There’s an AI unicorn startup you might not have even heard of. That is, if you live in the Western hemisphere.
For those who follow AI processor companies, it is far too easy to overlook the innovations of APAC companies beyond the hyperscalers (Alibaba, Tencent, etc.). We pay attention here in the West to the largest chipmakers and key AI silicon startups but we too often overlook Asia, in part because so many of the technologies developed there make big inroads here. There are good reasons for that, of course, but that’s an economic, political, security, and legal conversation you can find elsewhere.
We’re talking now about Preferred Networks, the billion-dollar AI startup no one seems to talk about. That is, until they cannot be ignored. For instance, when they shoot to the top of the Green 500 list of the world’s most efficient high performance supercomputers. The company reached #1 in June last year by hitting 15% above the previous winner, achieving 21 GF/Watt with its MN-Core based systems, the outcome of work between Preferred Networks and Japanese research centers, Kobe University and RIKEN.
Another reason we don’t hear much about Preferred Networks, despite a big supercomputing achievement? Because they don’t talk much publicly—and there is very little about their role in industrial and research use, even though we have every indication they have some serious investors and users eager for a homegrown AI chip and server.
Preferred Networks had its first seed round in 2014 from Quantum Biosystems, a Japanese company focused on using quantum mechanics as the backbone of a new type of DNA sequencing approach. This was an interesting investment from a company that itself was founded in 2013. Since then, they’ve collected more venture capital from a number of industrial giants in Japan, including Hitachi, Toyota and Chugai Pharmaceutical with investment from semiconductor maker Tokyo Electron in addition to private equity and venture firms. Their most recent sizable investment came from JXTG Holdings, specifically to fund a joint project around automation and optimization in oil refineries.

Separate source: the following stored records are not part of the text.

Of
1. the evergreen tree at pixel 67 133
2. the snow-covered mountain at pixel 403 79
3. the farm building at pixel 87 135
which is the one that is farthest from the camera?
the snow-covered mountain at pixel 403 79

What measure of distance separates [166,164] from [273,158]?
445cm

Preferred Networks has the MN-Core at its roots and is focused on both low-power embedded processing in robotics and autonomous platforms as well as in the datacenter. This is no an accelerator, but a processor specifically focused on training AI models with the ability to handle lower power inference.

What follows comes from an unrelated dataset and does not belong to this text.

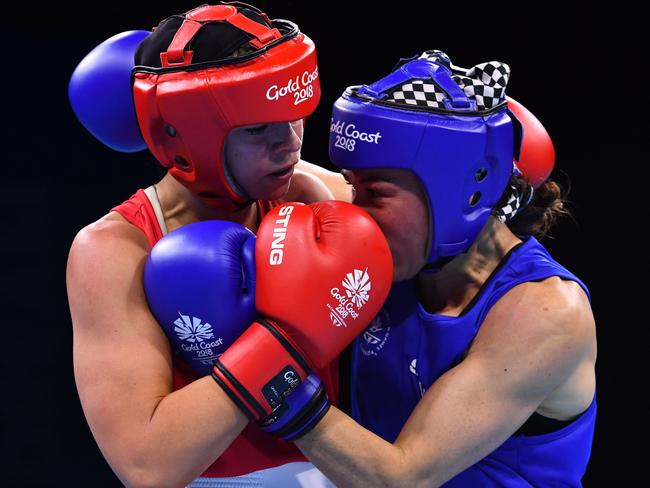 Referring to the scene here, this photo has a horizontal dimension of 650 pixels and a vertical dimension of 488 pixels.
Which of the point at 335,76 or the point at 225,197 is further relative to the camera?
the point at 335,76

The architecture itself is incredibly simple, even as increasingly pared-down AI devices go. The devices are based on matrix arithmetic units densely packed and is completely SIMD-based, which means the device can handle large model sizes. The architecture is based on one of the matrix units with four processor elements to form a block. Each of the processing elements is equipped with integer units.
The MN-Core has a total of 2,048 matrix blocks, 512 MABs per die, are integrated into one package, which comprises four dies. These are hierarchically arranged and have multiple modes for interlayer data movement, such as scatter, gather, broadcasting, and reduction. This enables flexible programming, the company says.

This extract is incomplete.